*Instructions to follow:*
Whatever appears in the data below, copy it exactly.

*Data excerpt:*

+ + +

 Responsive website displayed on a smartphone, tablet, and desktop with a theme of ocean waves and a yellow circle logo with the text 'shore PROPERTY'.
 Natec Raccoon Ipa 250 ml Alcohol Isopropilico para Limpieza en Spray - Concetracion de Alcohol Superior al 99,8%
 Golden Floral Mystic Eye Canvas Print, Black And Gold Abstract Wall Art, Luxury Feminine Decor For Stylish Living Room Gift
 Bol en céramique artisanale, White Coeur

+ + +

*Result of this task:*
 Responsive website displayed on a smartphone, tablet, and desktop with a theme of ocean waves and a yellow circle logo with the text 'shore PROPERTY'.
 Natec Raccoon Ipa 250 ml Alcohol Isopropilico para Limpieza en Spray - Concetracion de Alcohol Superior al 99,8%
 Golden Floral Mystic Eye Canvas Print, Black And Gold Abstract Wall Art, Luxury Feminine Decor For Stylish Living Room Gift
 Bol en céramique artisanale, White Coeur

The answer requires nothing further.